To use CerebrasLLMService, install the required dependencies:

pip install "pipecat-ai[cerebras]"

You’ll need to set up your Cerebras API key as an environment variable: CEREBRAS_API_KEY

Configuration

Constructor Parameters

api_key
str
required

Your Cerebras API key

model
str
default: "llama-3.3-70b"

Model identifier

base_url
str
default: "https://api.cerebras.ai/v1"

Cerebras API endpoint

Input Parameters

Inherits OpenAI-compatible parameters:

max-completion-tokens
Optional[int]

Maximum number of tokens to generate. Must be greater than or equal to 1

seed
Optional[int]

Random seed for deterministic generation. Must be greater than or equal to 0

temperature
Optional[float]

Controls randomness in the output. Range: [0.0, 1.5]

top_p
Optional[float]

Controls diversity via nucleus sampling. Range: [0.0, 1.0]

Usage Example

from pipecat.services.cerebras import CerebrasLLMService
from pipecat.processors.aggregators.openai_llm_context import OpenAILLMContext
from openai.types.chat import ChatCompletionToolParam
from pipecat.pipeline.pipeline import Pipeline
from pipecat.pipeline.task import PipelineParams, PipelineTask

# Configure service
llm = CerebrasLLMService(
    api_key="your-cerebras-api-key",
    model="llama-3.3-70b"
)

# Define tools for function calling
tools = [
    ChatCompletionToolParam(
        type="function",
        function={
            "name": "get_current_weather",
            "description": "Get the current weather",
            "parameters": {
                "type": "object",
                "properties": {
                    "location": {
                        "type": "string",
                        "description": "The city and state, e.g. San Francisco, CA"
                    },
                    "format": {
                        "type": "string",
                        "enum": ["celsius", "fahrenheit"],
                        "description": "The temperature unit to use"
                    }
                },
                "required": ["location", "format"]
            }
        }
    )
]

# Create context with system message and tools
context = OpenAILLMContext(
    messages = [
        {
            "role": "system",
            "content": """You are a helpful LLM in a WebRTC call. Your goal is to demonstrate your capabilities in a succinct way.

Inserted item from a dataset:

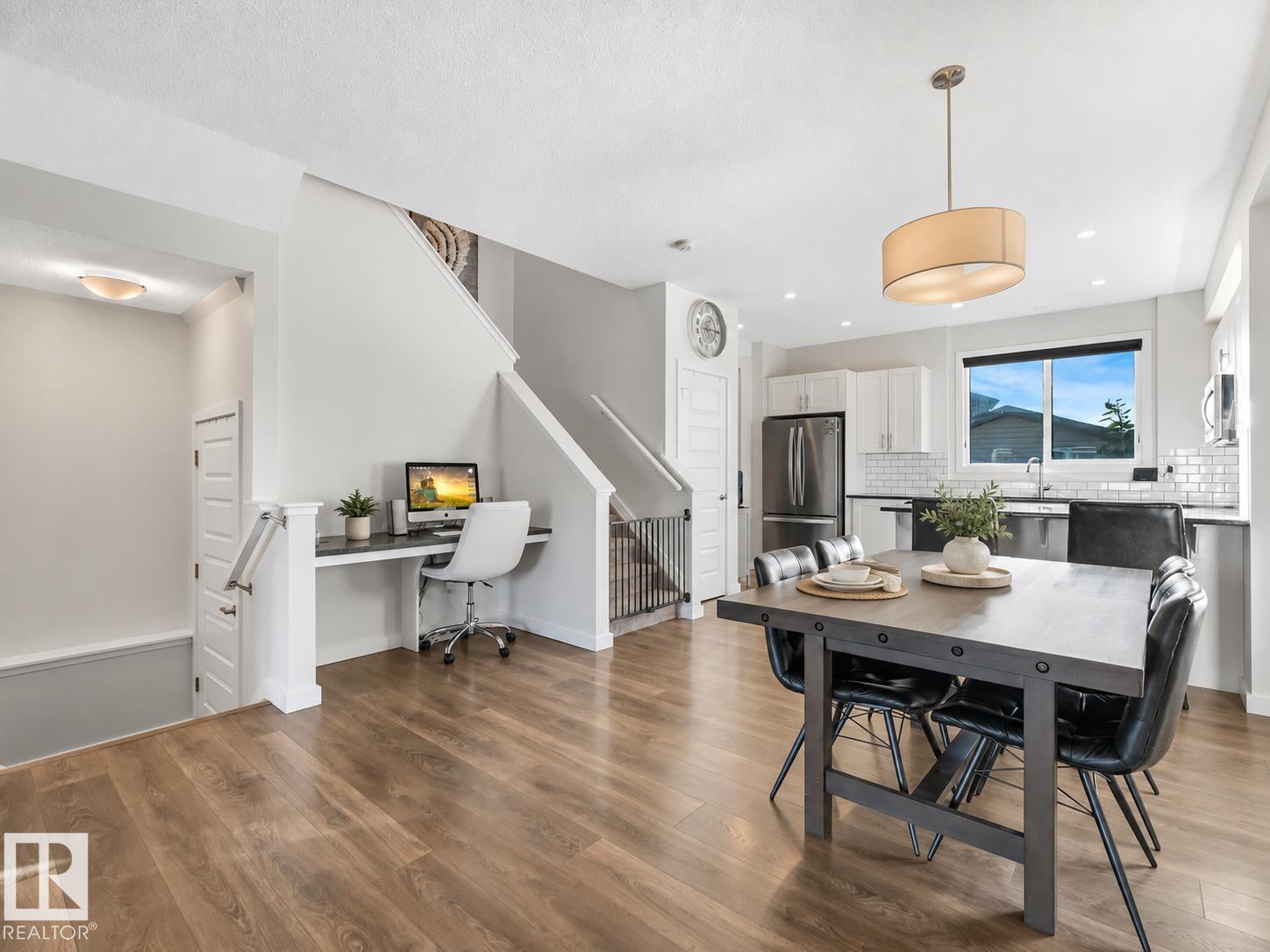 288 CHARLESWORTH DR SW - 11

You have one functions available:

1. get_current_weather is used to get current weather information.

Infer whether to use Fahrenheit or Celsius automatically based on the location, unless the user specifies a preference. Start by asking me for my location. Then, use 'get_weather_current' to give me a forecast. Respond to what the user said in a creative and helpful way.""",
        },
    ]
    tools=tools
)

# Register function handlers
async def fetch_weather(function_name, tool_call_id, args, llm, context, result_callback):
    await result_callback({"conditions": "nice", "temperature": "75"})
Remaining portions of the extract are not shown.